A few years back our old Honda Civic went to heaven. It had a terminal case of transmissionitis.
We bought a new Honda Fit which cost about $17,000. However, when it was all said and done we got it for free. This isn’t some scam or a crazy thing where we had to drive around with the sides painted as a billboard or anything like that. This is how it worked:
In September of 2011 we bought our new car. Our Civic had been struggling for a while so we had been saving money knowing that sooner or later we would need a new car. Because of that we had the $17,000 in cash ready to purchase the car outright.
However, Honda offered a fairly generous financing program at 0.9% interest. That’s a super low rate so it was very tempting. There’s always the nagging idea that you shouldn’t borrow money if you don’t have to, but as low as it was we figured we had to consider it.
It was bit more complex, but for the sake of simplicity, let’s assume we had these two choices:
- Pay for the car in cash.
- Finance the car at 0.9% for 6 years and then invest the cash.

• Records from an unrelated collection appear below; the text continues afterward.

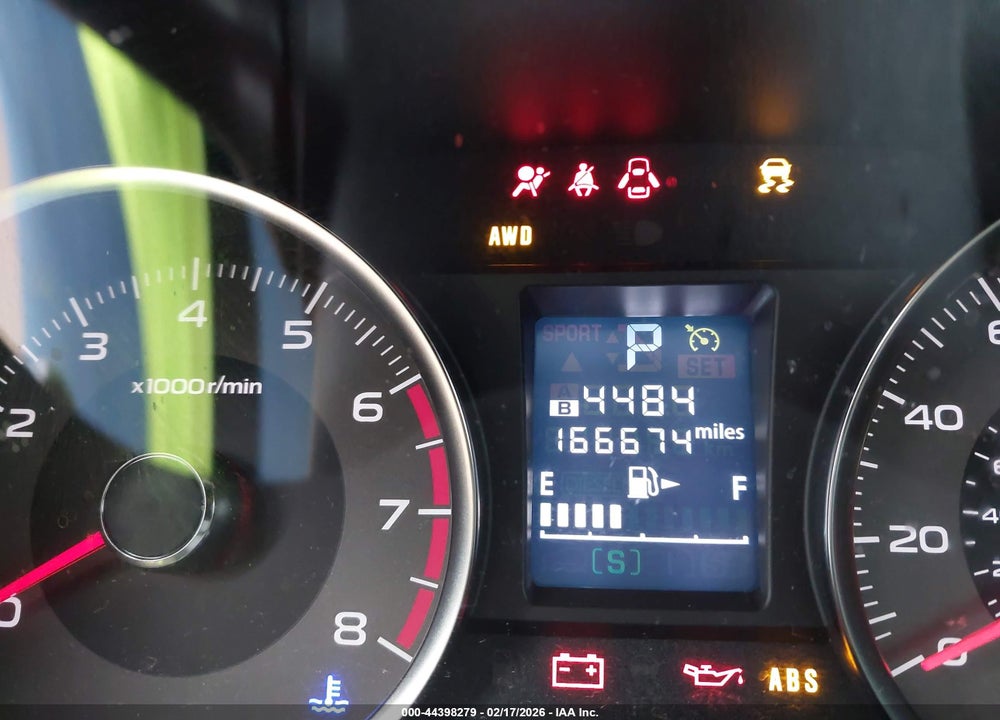 2014 SUBARU FORESTER 2.0XT PREMIUM VIN: JF2SJGDC4EH443720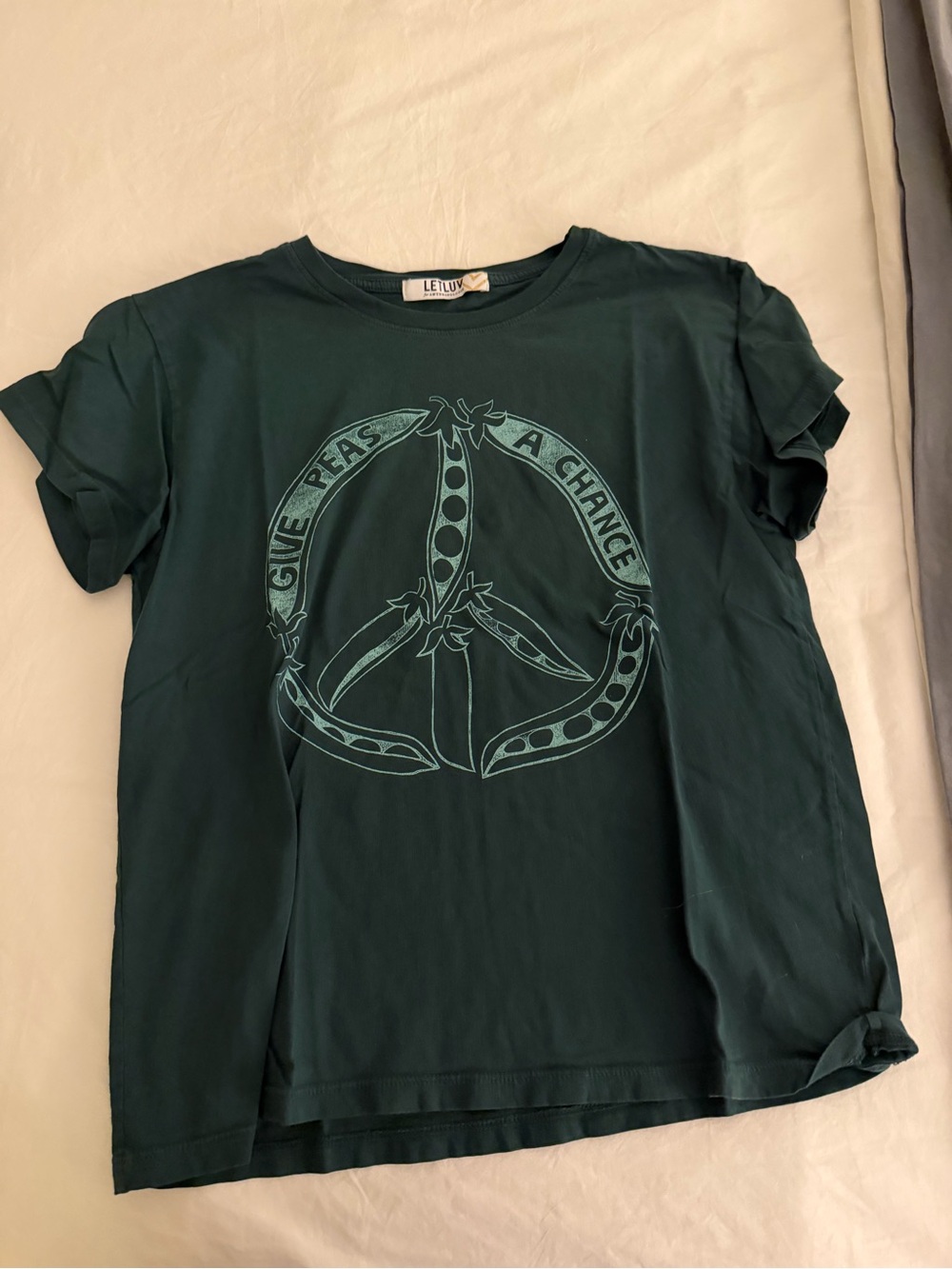 LetLuv Anthropologie Graphic T Shirt
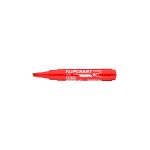 Flipchart marker vízbázisú 1-4mm, vágott Artip 12XXL piros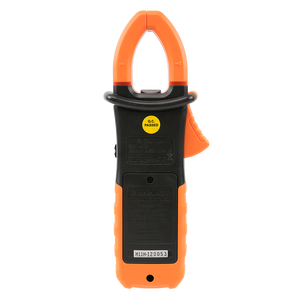 2000 zählt LCD-Anzeige Digital Clamp Multimeter Continuity Diode Testing mit Auto / Manual Range Amper imetrica - Product Image 4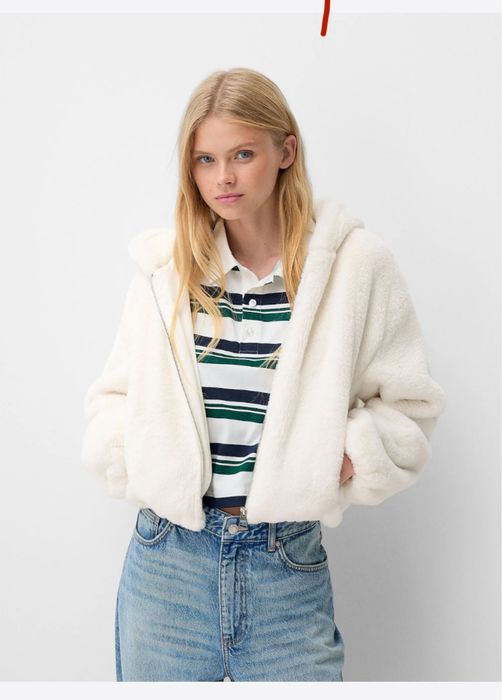 Преходно яке Bershka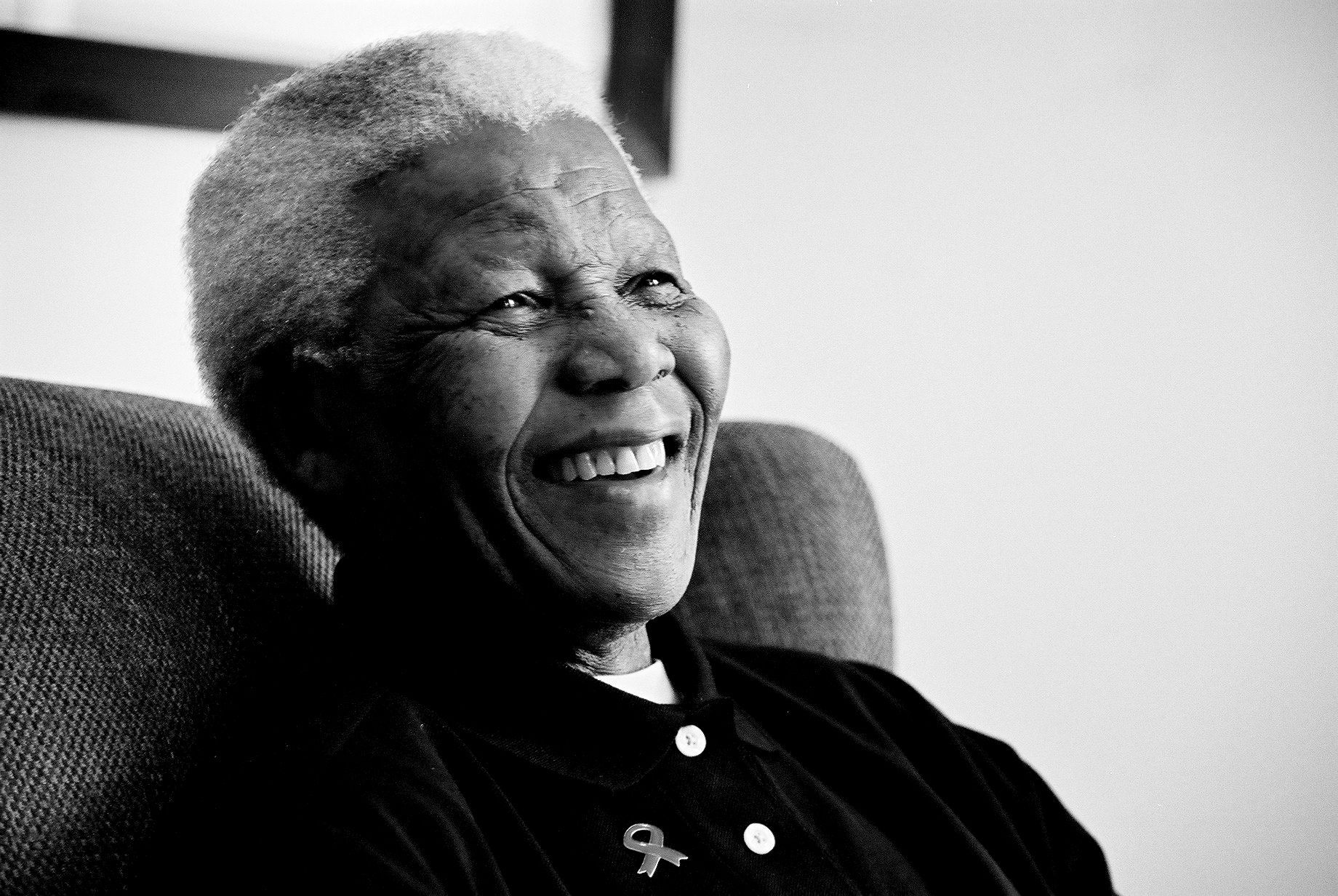 Download the wide screen wallpaper gallery of Nelson Mandela HD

As you can guess from the tone of this post, we went with option 2. Our plan was to finance the car, and then invest that $17,000 in a stock mutual fund (VTSMX). Every month when a payment was due we could sell a few shares of the mutual fund. At the end of 6 years we would either end up ahead, making this a really smart move, or behind making this a really dumb move.
Looking at the numbers
A 6-year loan for $17,000 at 0.9% interest requires a monthly payment of $243. Back in September of 2011 the S&P 500 was at 1,131 (today it’s at 2,471).
Over the course of those 6 years, the market mostly went up, but it certainly had some rough moments. 2012 and 2013 were really good years for the stock market so I felt like I was a bit of a genius for doing this. Then in 2015 stocks fell plus there were a few of those really crazy months like January 2016, when the market was in total freefall, and I felt like I was an idiot. Stocks recovered in 2016 and then really took off after Trump’s election.
Needless to say, there were a lot of ups and down. The smart thing would have been to just ignore the daily/weekly/monthly variations in the stock market and not get stressed, but that’s not in my character. I did look at it every day, and I did get totally stressed out.
Foxy Lady and I stayed the course, and this month we sent our last check in to Honda. Now we own that $17,000 car outright, the same way we would have had we paid cash for it 6 years ago. However, the account we were using for all this still has about $16,400 of mutual funds in it.
That’s awesome. We bought a $17,000 car, but we ended up with a car and $16,400!!! In a way the car was very nearly free. We started this process with $17,000 and no car. We ended this process with $16,400 and a car.
Were we lucky or good?
Our story had a happy ending, which begs the question how likely does it turn out this way. The six years from Sep-11 to Aug-17 were a good run for stocks but by no means the best. Going back to 1950 when the S&P 500 started, you can see how things stack up.
There are a couple important points. First, success isn’t guaranteed here. You would lose money (have to pay more than your original $17,000) about 18% of the time. We know that over the long-term stock almost always do well. This is a bit trickier because when you start this, you invest all your money at one time, so you don’t benefit from dollar cost averaging. Had you invested right before a huge market downturn (think late 1960s to early 1970s or Mar 2001 or Aug 2008) that would really be awful timing. Still, you come out on top 82% of the time, so those are pretty good odds.
Second, our timing was pretty good, but certainly not the best. We would have done better 13% of the time. The absolute best timing would have been if we did this scenario starting in September 1994 and ending August 2000. Basically, that timed the investment just before the internet boom of the 1990s kicked off, averaging about a 24% each year. If you’re curious, with that timing you would have ended up with a car plus about $25,000.
We can’t be lucky all the time but you don’t really need to be either. You can look at a more average performance, let’s say starting in September 2002 and ending in August 2008. You would have ended up with a car and $8,000, so basically you got a new car at a 50% discount.
Take free stuff
The other really important piece to this is the really low interest rate we were charged. 0.9% is not a normal interest rate. As we discussed here about debt, sometimes it’s a good thing to take on debt. Honda gives their car buyers an artificially low interest rate as an inducement to try to increase sales. It could just as easily be cash back or lowering the cost of the car. As it is they decided to give a really low interest rate.
Some car buyers would need to finance their purchase no matter what, so that 0.9% was just a bluebird. Others, like us, had the choice: do we pay in cash or finance. Had we paid in cash, we would have basically been leaving this sweet perk from Honda on the table.
We can pretty easily see the impact of using a more normal interest rate on our experience. At 0.9% we ended up with the car and $16,400. However, if we use 5%, then we still come out ahead, but not as much. Instead of $16,400 we ended with $13,000. Actually, I was a bit surprised that the impact wasn’t greater, but that’s why you have spreadsheets, right?
When all is said and done, hopefully this illustrates the point that being smart with investing, and really understanding what is likely to happen based on history, can really be lucrative. Obviously this will apply to things like your 401k and IRA, but it also applies in more unexpected places like buying a car.